Passivation effects on films

We use FA0.83Cs0.17PbI3 as a model composition for 3D perovskites. After the formation of the perovskite film, a surface treatment by phenylalkylammonium iodide is applied by spin-coating of the iodide salt solution (in chloroform) on the perovskite film, followed by an annealing process to remove the solvent (see “Methods” for the detailed fabrication process). Figure 1a illustrates the schematic diagram of the phenylalkylammonium-passivated perovskite lattice.

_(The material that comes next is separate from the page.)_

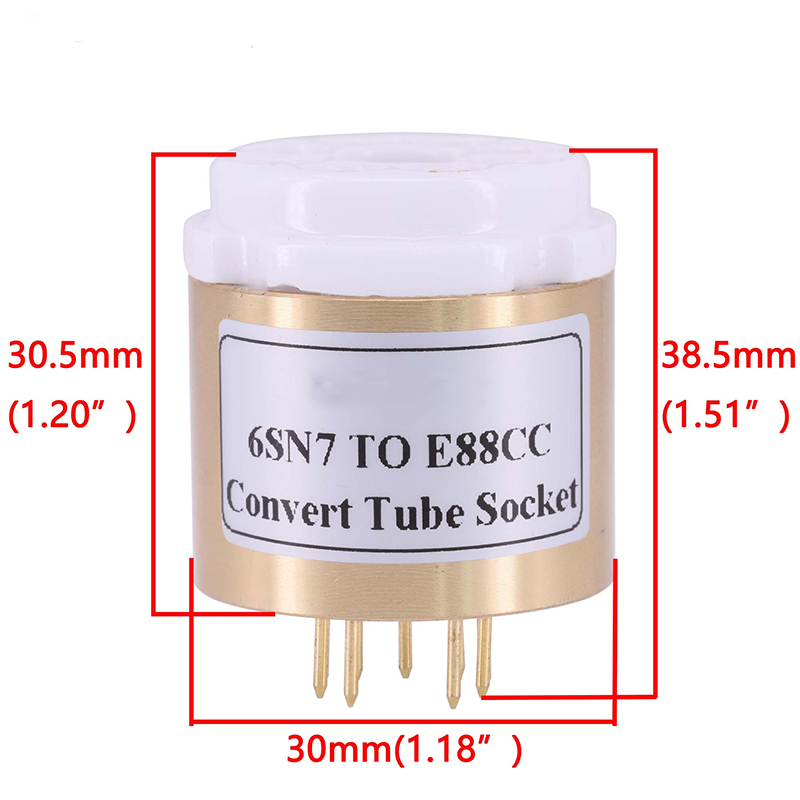 1PC White Ceramic CV181 6SL7 6N8P 6N9P 6SN7 TO ECC88 E88CC 6DJ8 6N2 6922 DIY Audio Vacuum Tube Amplifier Convert Socket Adapter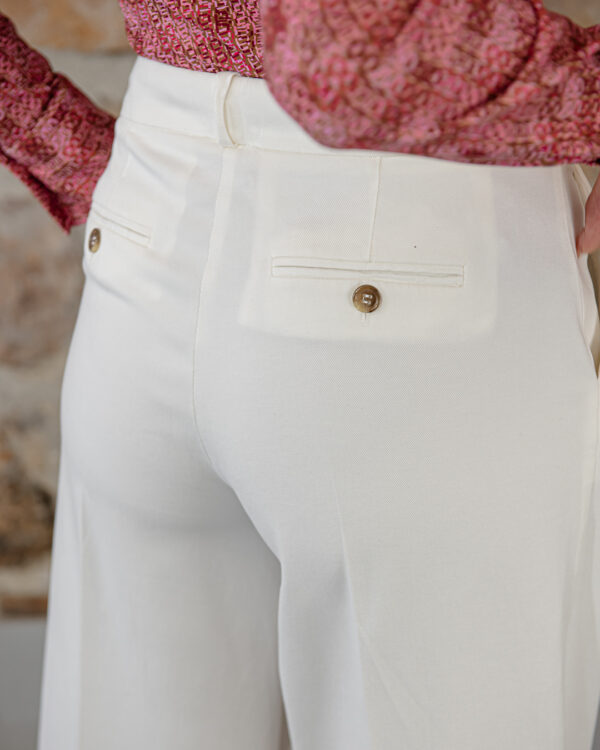 Pantaloni Floyd Bianco | DIEGO ZORODDU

In order to understand how the steric and Coulomb interactions of the molecules affect the passivation results, we investigate four molecular cations with the same end groups but different alkyl chain lengths, namely phenylmethylammonium iodide (PMAI, n = 1), phenethylammonium iodide (PEAI, n = 2), PPAI (n = 3), and phenylbutanammonium iodide (PBAI, n = 4), as shown in Fig. 1b.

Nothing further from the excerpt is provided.